To do: Give back, word for word, only the lines from the opening of the records through the one with "We are doing". Pictures stay out.

Stored records
>>>>>

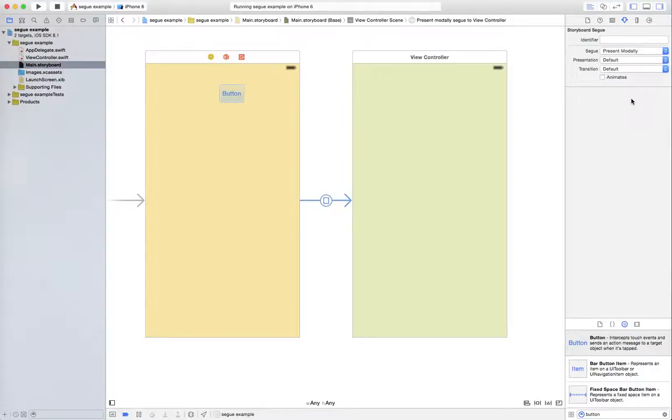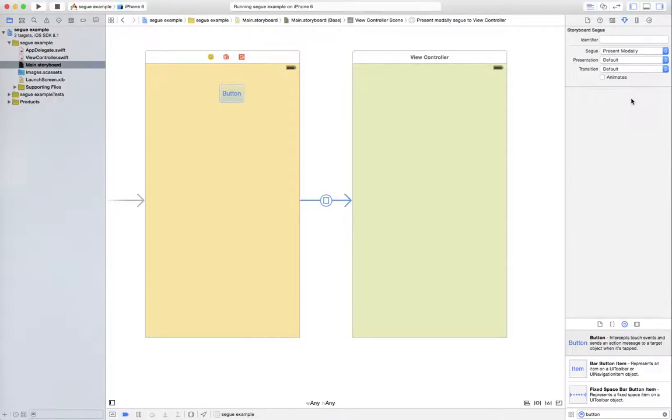So this is a Xcode tip for iOS. This is for Xcode 6.0 or later, I'm at 6.1 using SDK 8.1. It may change in a future version but this is how it works right now. Okay, thanks a lot for joining me and I'll see you later.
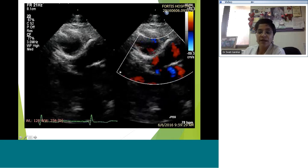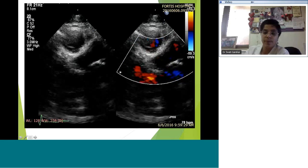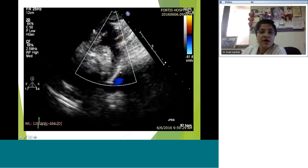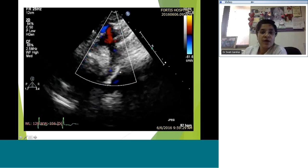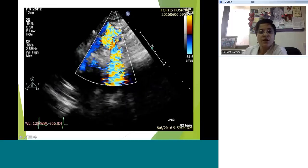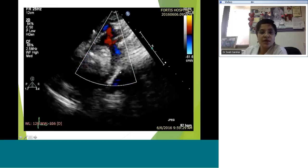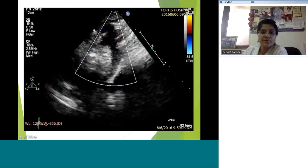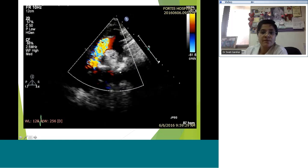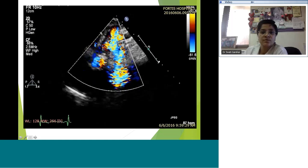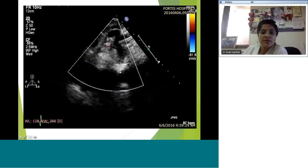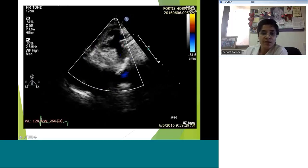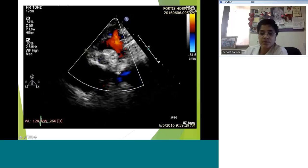We are doing a color Doppler of the descending aorta as per protocol, and there is flow reversal there. In the ascending aorta there is turbulence visible.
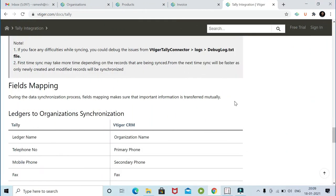Hi, welcome to today's session of vTagger and Tally integration.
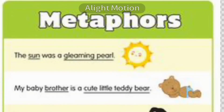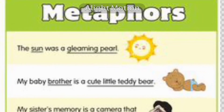Metaphors are also used to make comparisons, but we do not use 'as' or 'like' in a metaphor. For example: 'The sun was a gleaming pearl.' It is compared to a gleaming pearl, but we are not using 'as' or 'like'.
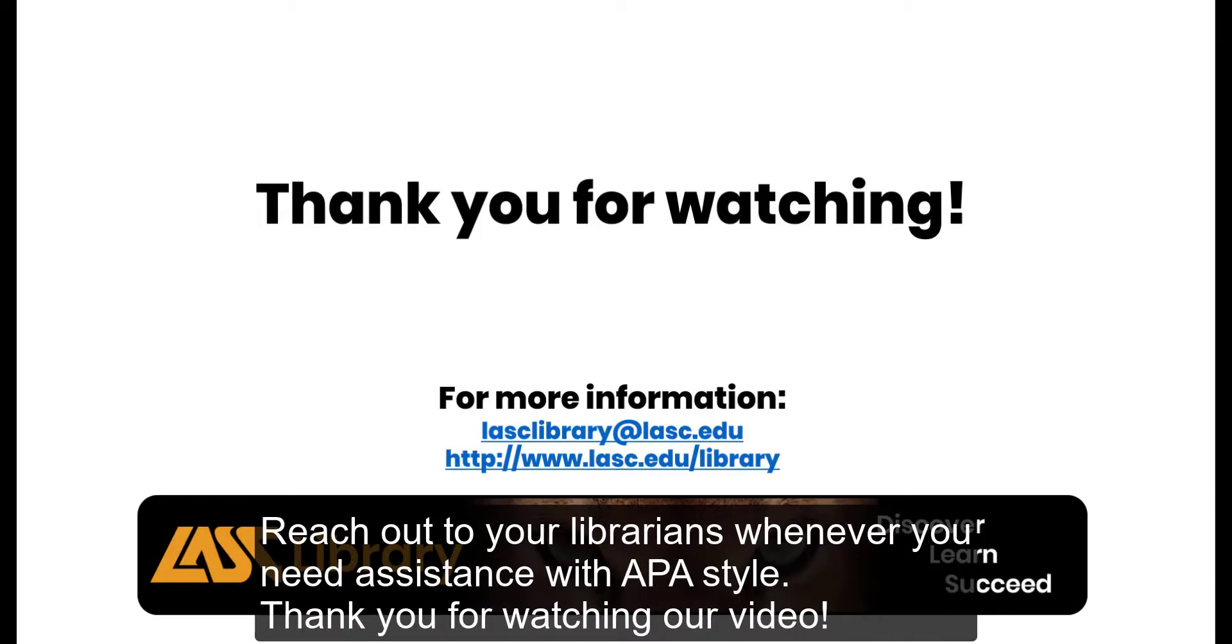Reach out to your librarians whenever you need assistance with APA style. Thank you for watching our video.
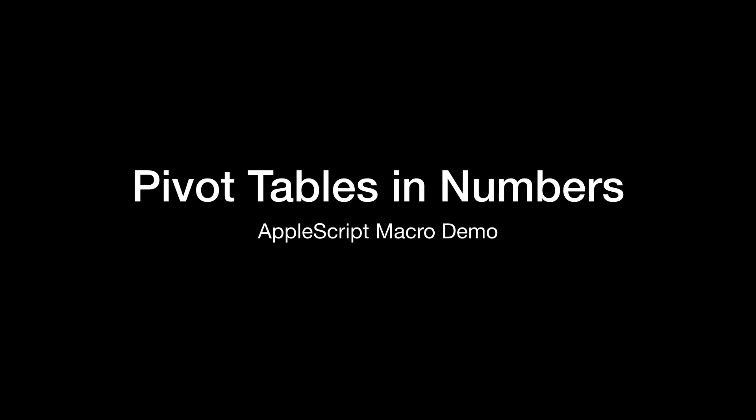This is just a demo of how you can create pivot tables in Numbers on Macintosh, using a kind of macro on Mac OS, using AppleScript.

<<<<<

Output below:
So this is a Xcode tip for iOS. This is for Xcode 6.0 or later, I'm at 6.1 using SDK 8.1. It may change in a future version but this is how it works right now. Okay, thanks a lot for joining me and I'll see you later.
We are doing a color Doppler of the descending aorta as per protocol, and there is flow reversal there. In the ascending aorta there is turbulence visible.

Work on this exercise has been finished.